That was not just a digital watch, it was a LED watch – extremely expensive and absolutely innovative at the time. They were a global hit, soon replicated by everyone who was able to do that; even Commodore made one! Then the cheap quartz LCDs came out a few years later or so, and killed the entire concept of the LED, especially the luxury LED.
The LEDs are still very rare nowadays, although with the nostalgia trends becoming fashionable, retro replicas are now being made in relatively small quantities for collectors. You can find some nice inexpensive LED models (e.g. USA’s Armitron), some expensive but affordable (e.g. Poland’s Gerlach) and some that are as insanely and outrageously overpriced as the first LEDs were in Columbo’s times (USA’s Hamilton).
The batteries of the modern ones can now last for months or years, rather than weeks, and the displays are sturdier and even available in various colors (although the classic red on black is still the best :-)). The original LEDs came out before my birth, but I love their otherworldly retro aspect, so I bought myself one of the affordable modern models. 🙂
I think Harold Van Wick loved his wife but maybe her been in a wheelchair might have affected their marriage.I’m not saying his wife been in a wheelchair gave him a pass to cheat but maybe he thought fulfilling his sexual needs by cheating had nothing to do with his love for his wife.Plus i’m wondering if it was just the cheating if his wife might have forgiven him in time because she might have understood he had needs and him cheating was just about sex.
I watched this again the other day, and I do see how Columbo rated it as one his personal favourites. It’s very well constructed with superb acting all round and a very good ending. My theory as to why it isn’t higher on most people’s lists is simply because the villain isn’t very likeable, but he isn’t supposed to be. A Haughty and dismissive tech guru, not exactly the life of the party. As for why the pretty lady goes for the villain?-well he has loads of money. A real sleeper this one, definitely better than most. If it had Leonard Nimoy or Donald Pleasance it might be on more top ten lists, but the feel and logic to it is superb.
This is indeed a good episode, though falls short of my personal A list. Hard to say exactly why, as I have no problem with the villain or actor, which I think is well played as intentionally unlikable.
The gotcha clue (invite visible on desk) comes off as a little too convenient. After directing so much of the viewer’s energy toward the high-tech elements, Columbo ultimately breaks Werner’s alibi using the equivalent of a magnifying glass. Maybe that should be more appreciated as delicious irony, but I think we really really want Columbo to outsmart this twerp, and instead he kinda lucks into the bust.
Still, I agree Playback is among the most underrated on CP’s episode ranking.
But it’s a high-tech magnifying glass! The irony is that Columbo hoists Harold with his own petard, by using the very instrument of his fake alibi, the video tape, against him.
Like, not love this episode, with a small pet peeve. Harold’s assumption on timing for Margaret to go upstairs just happened to work out perfect, didn’t it?

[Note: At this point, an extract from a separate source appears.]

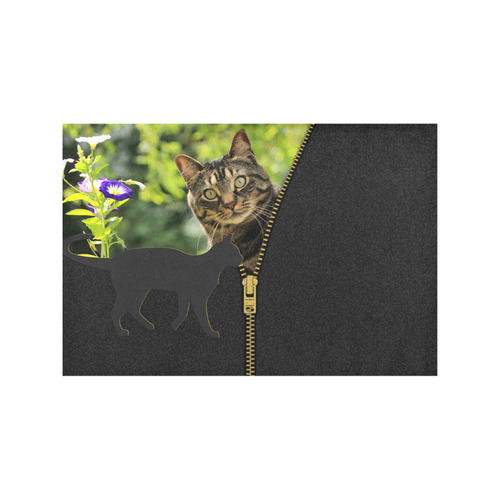 ZIPPER CUTE CAT FLOWERS Placemat 12''x18''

She waited just long enough for him to get things all set up before she decided to retire upstairs from her brandy and Chopin. Pretty convenient since he had to get to the art show as well.
Planning a murder that sophisticated, yet being at the whim of someone’s bedtime? What if she went to bed before he finished setting up? Or too late for him to make the art show?
Harold knew that the showdown with Margaret was coming on that particular night, as the monthly figures told her that once again, the company was not making a profit. He has a schedule to keep at the art gallery, so he breaks up the family gathering by saying something upsetting about Elizabeth being “incapable”.
Elizabeth retires to bed and Arthur leaves the house, meaning that Harold and Margaret can have their short, unpleasant conversation maybe earlier in the evening than Margaret had expected.
And I think you have hit the nail on the head with the brandy and Chopin. When Elizabeth calls Harold on the telephone, just after the murder, he reassures her that Margaret is relaxing with her brandy and Chopin, something that she evidently does every night before retiring.
And just before the murder, we see Margaret finish her brandy and switch off the record player before the music finishes. So, again evidently she habitually listens to some Chopin just long enough to enjoy one glass of brandy.
Conclusion: Harold knew that once the unpleasant showdown was out of the way, and with nothing else to detain her downstairs, Margaret would calm down and relax in her usual way, for say about 10 minutes, before going up to bed, a little after 9:00 pm.
I must point out a GLARING visual error contained in this episode. Baxter, the gate house guard, is first alerted to the murder when he sees the shooting on his closed circuit TV screen. I ask that you focus on the top left hand corner of the closed circuit footage that he views, just as the gun shot occurs. You clearly see a distinct puff of smoke enter the frame (obviously from a prop gun that was discharged off-screen). But the actual shot from the murderer comes from the bottom right of the screen!!. Has anyone else spotted this? How it managed to be included in the final cut that went to air escapes me.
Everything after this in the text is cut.